“Les fleuves du ciel” d’Elif Shafak

Arthur naît en 1840 sur les bords de la Tamise, sa mère est ferrailleuse, elle brasse la boue du fleuve pour trouver des choses à vendre ; il sera baptisé « Rois des égouts et des taudis », va vivre plusieurs événement qui lui donneront un lien particulier à l’art et la culture mésopotamienne. Le plus important est celui où à 13 ans il est engagé dans une imprimerie et qu’il découvre « L’épopée de Gilgamesh ». Cette œuvre a été écrite en caractères cunéiformes sur des tablettes d’argile. A cette époque de nombreuses tablettes restent un mystère pour la traduction, Arthur deviendra expert. C’est un garçon extrêmement intelligent, curieux, opiniâtre, qui évolue dans une vie faite de misère et de violence. C’est un personnage auquel on s’attache beaucoup.

Il y a aussi l’année 2018 et Zaleekhah, une trentenaire qui fait des recherches sur l’eau et s’intéresse particulièrement à la mémoire de l’eau. Une goutte va d’ailleurs être l’un des fils conducteurs entre les différents personnages. Zaleekhah vient de se séparer, elle s’installe dans une péniche sur la Tamise. La propriétaire de sa péniche est une jeune femme qui se nomme Nen, qui est tatoueuse et qui ne tatoue que des motifs cunéiformes rappelant la Mésopotamie, la ville de Ninive et son fleuve le Tigre.

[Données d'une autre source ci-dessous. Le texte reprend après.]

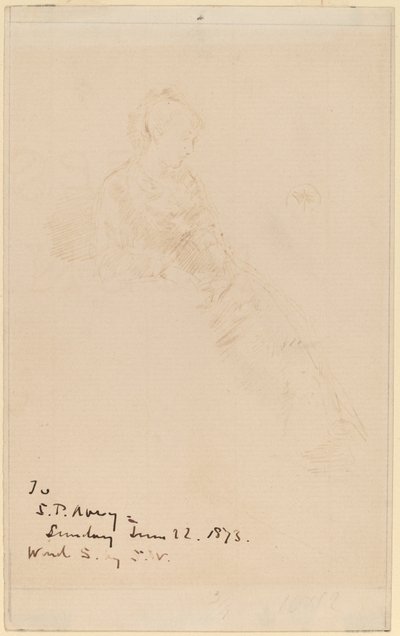 Szkic Maud autorstwa James Abbott McNeill Whistler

2014, justement au bord de ce fleuve « le Tigre », vit une famille Yézidie, plus particulièrement la grand-mère et sa petite-fille Naryn âgée de 9 ans. Celle-ci doit être baptisée et cette famille décide de rejoindre la vallée de Lalesh, sacrée pour les Yézidie et située en Irak. Cette famille vit à proximité de plusieurs frontières la Turquie, la Syrie et l’Irak, au moment où arrive daesh…

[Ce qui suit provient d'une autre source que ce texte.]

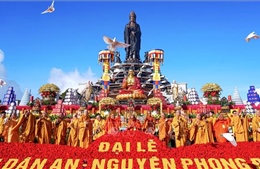 Đại lễ cầu Quốc thái dân an - mưa thuận gió hoà trên đỉnh núi Bà Đen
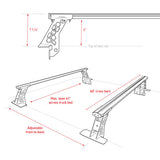 Go Rhino XRS Bed Rack Cross Bars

Ces trois histoires se relient de manière fluide, chacune dans une atmosphère différente, extrêmement bien rendue, on imagine la noirceur et le froid de Londres en 1850, aussi bien que la lumière et la chaleur des bords du Tigre. Chacun des personnages, Arthur, Zaleekha, Naryn, pourrait à lui seul valoir un roman. À travers ce voyage incessant entre les époques et les lieux, l’autrice raconte aussi le dérèglement climatique, le pillage des vestiges historiques, la cruauté faite aux Yézidis. Elif Shafak s’appuie sur une documentation nourrie, elle reste pourtant une formidable conteuse, ce qui en fait un livre hautement romanesque et dans la multitude d’autofictions publiées ces temps-ci, ca fait du bien ! Un grand et beau roman.